Monday Blues: Full of Timber

I tell ya, those old time newspaper reporters had a certain way of retelling stories that you just don't see anymore. I think it was the old Dragnet show, that had the line, "just the facts ma'm," and that seems kind of the motto today, just the cut and dry, just the facts. Somehow, those old time reporters found a way of presenting the facts, while at the same time bringing them to life, and yet not diluting them nor twisting them into something other than the facts. Case in point comes from the Los Angeles Times in one of many stories written about the races on the Stadium track at Washington and Hill Streets.

In one contest two racers from bygone days Charlie Keppen and Giovani (John) De Palma, who had gained his greatest fame racing automobiles, met in a best two out of three, head to head contest (a third man, Reginald Leslie "Snowy" Baker, an Australian all-around athlete who excelled at many sports including boxing, rugby, water polo, running and rowing, arrived at the track with his hands bandaged from an, apparent, injury and did not compete). 

Williams picked up the story from there, analyzing the result before returning to the beginning: "Charley Keppen has done more to brutalize bicycle racing than any other one man in the history of the game." Keppen, arriving at the track in a flowered bathrobe and pearl fedora, got off to a good start in the first heat, "pressing the pedals with his powerful hoofs," he gave De Palma "a fine view of his twinkling heels" for the first one and three-quarter laps. "Then all of a sudden those heels went up and twinkled far above the rider's head, and the swishy sound of an athlete being peeled alive fell amid the sudden hush."

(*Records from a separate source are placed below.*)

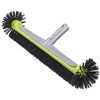 Sepetrel Pool Brush Head for Cleaning Walls,Heavy Duty Inground/Above Ground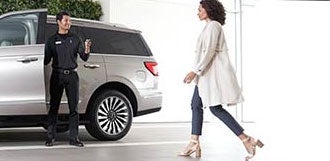 Bergstrom Lincoln of Neenah in Neenah WI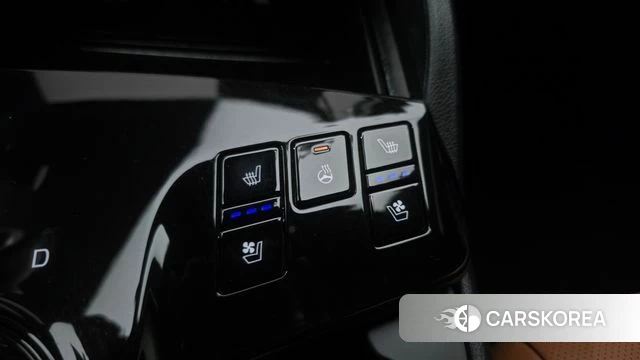 Kia Sportage 5th Generation Hybrid id 4561551 из Кореи 19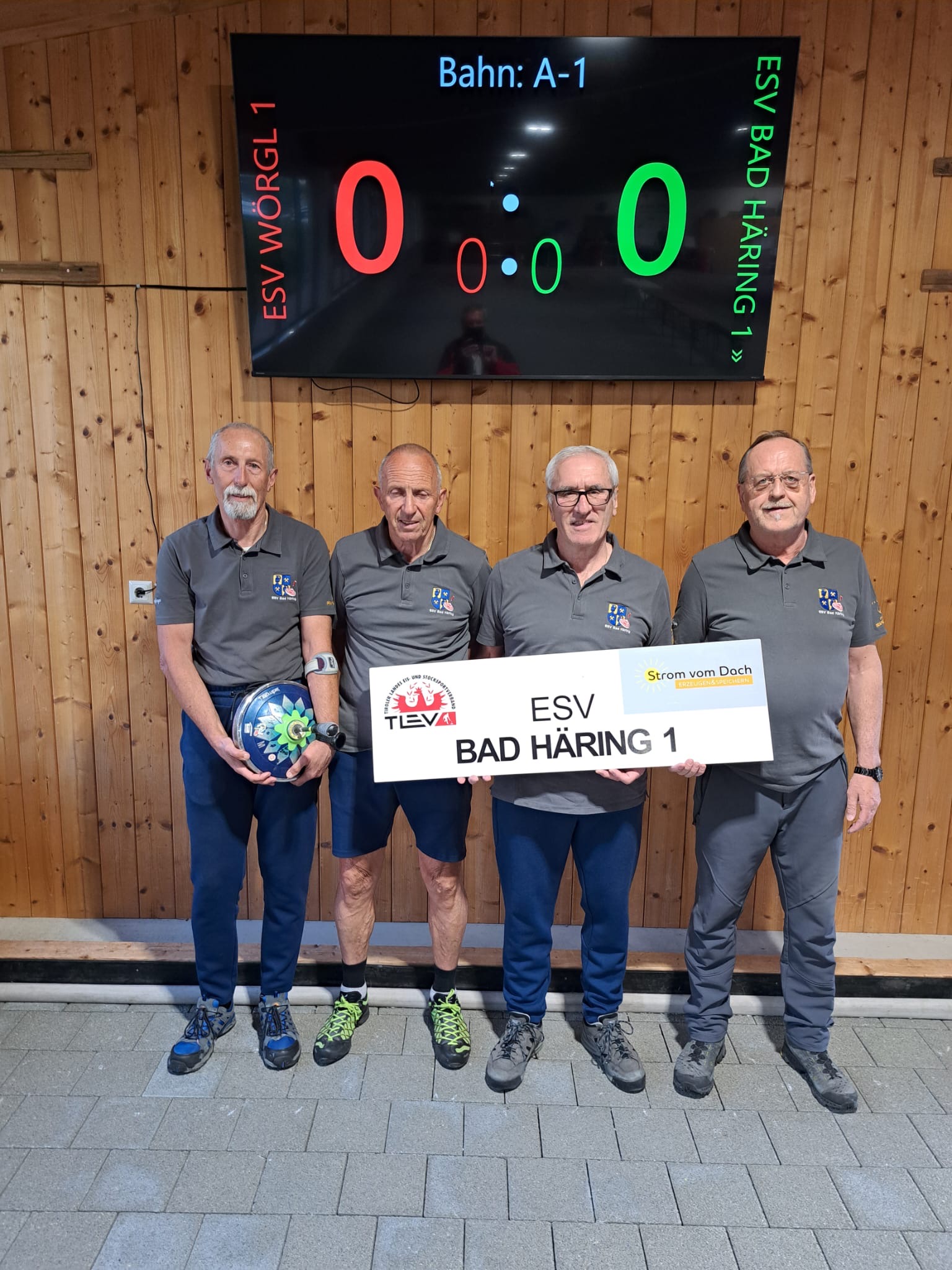 LM Herren 2026 – Start zur Rückrunde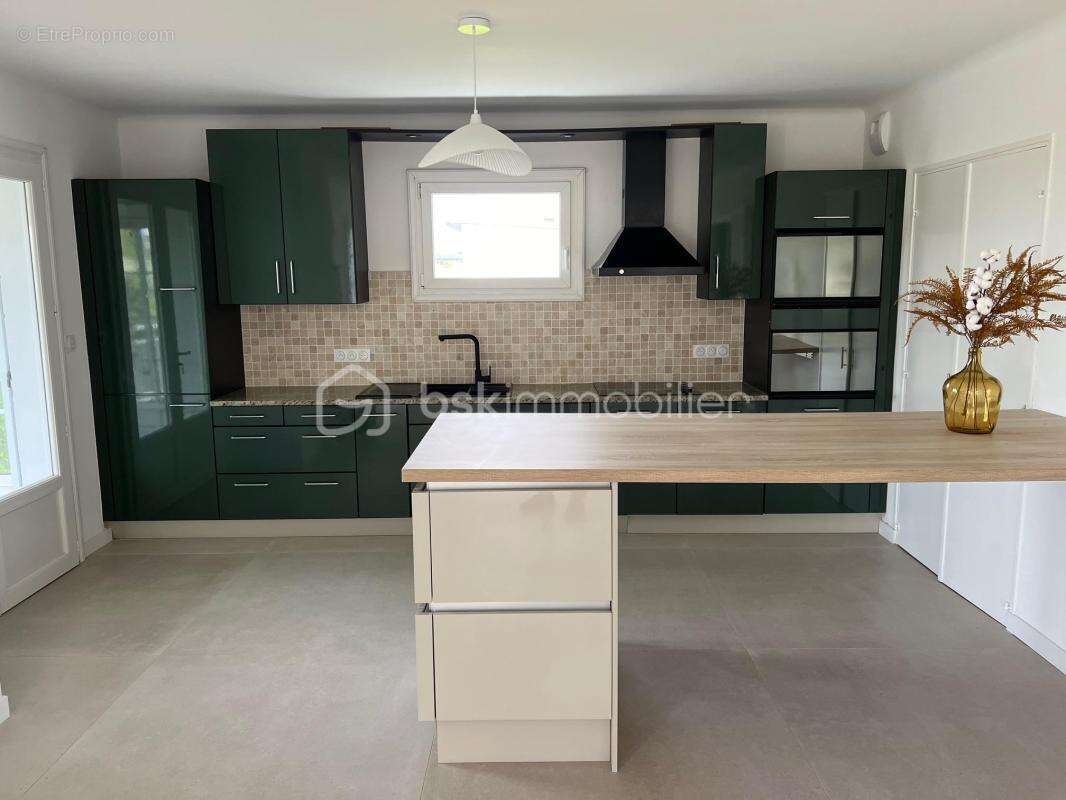  Villa 5 chambres – 164 m² – Parc arboré de 1 000 m² – Proximité La Baule-Escoublac - photo 3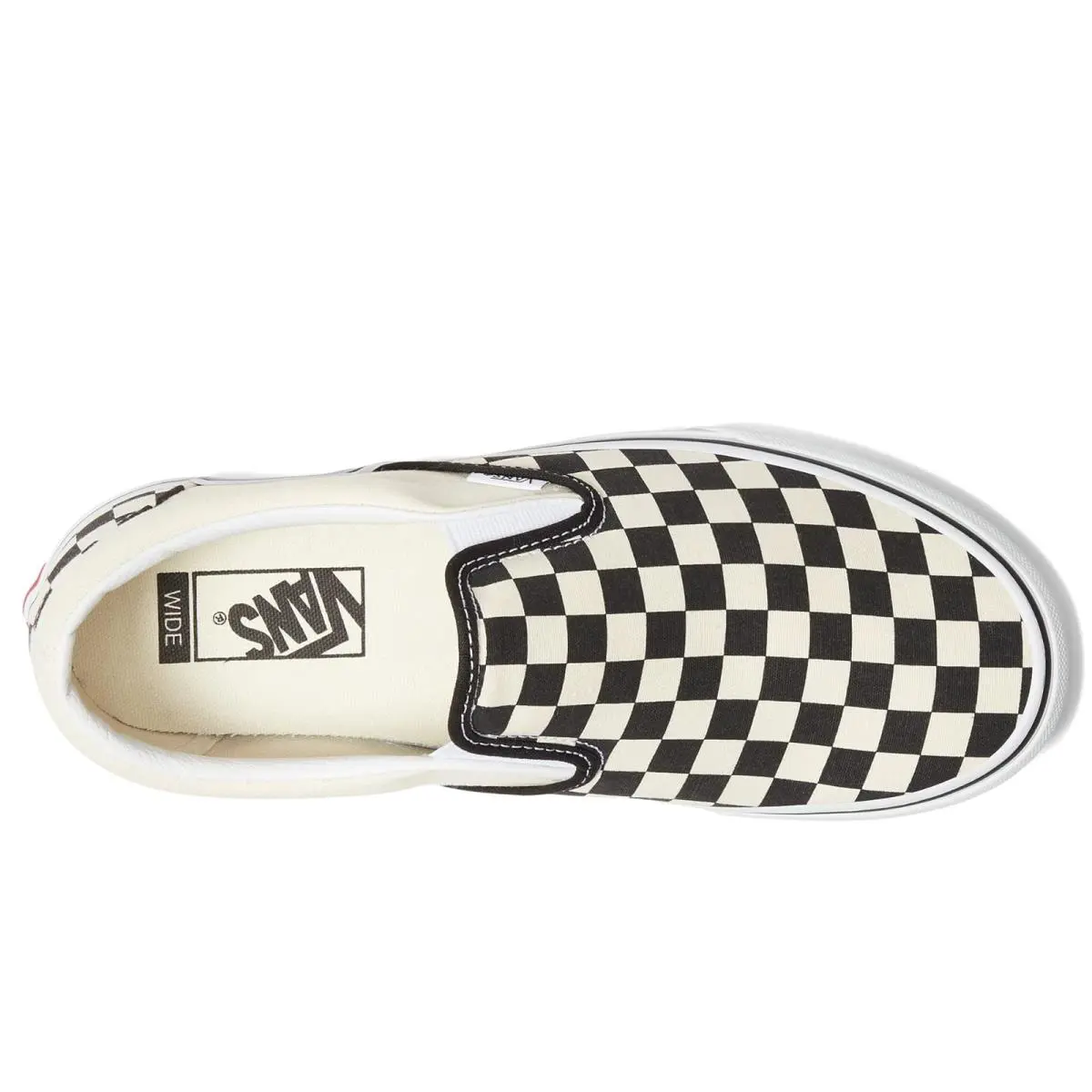 Vans shoes - Black 18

Williams continued with his narration: "Coming off the last bank, and within a few jumps of the tape, Keppen was leading De Palma by about four lengths, when he seemed to forget that the track was circular." At that point Keppen "seemed in the act of riding right off into space at the highest part of the track, when he providentially hit the guard rail. One arm flew over this, but the rest of him couldn't make it. His ribs rattled against the side of the rail for several yards, and then he hit the boards of the track... he had been a long time in falling. He kept falling part at a time, but not until his heels struck, was he able to fall all in one piece and call it a day's work. Experts estimated that he fall an eighth of a lap..." As for De Palma, he "skillfully darted under Keppen's numerous heels," and "rode to victory."

"Charley made the track safer for others by gathering most of the splinters unto himself. He was so full of timber that many feared the friction of his knees in the second heat would cause him to catch fire in the joints. But what he gained in splinters he lost in hair, leaving a cluster of bangs hanging to one of the posts of the guard rail. Hundreds of souvenir hunters each picked a hair from this post after the races... but you must give something to get something and that is what Mr. Keppen did. When the lumber is all picked out of his system he will have enough building material for a bungalow. In place of hair he can have a roof over his head..."

"Despite his degradation and misery," Keppen rode the second heat "gamely and fearlessly, knowing that there was room for no more splinters in his system." There was to be no great comeback, however, as De Palma "upheld the family traditions," winning the second heat in 38 1/5 seconds. "After bleeding for the better part of three laps, Mr. Keppen was forced to acknowledge the supremacy of his unskinned rival... Being beaten in both heats, and hanging large fragments of his own pelt on the guard rail, Keppen was skinned in every way possible."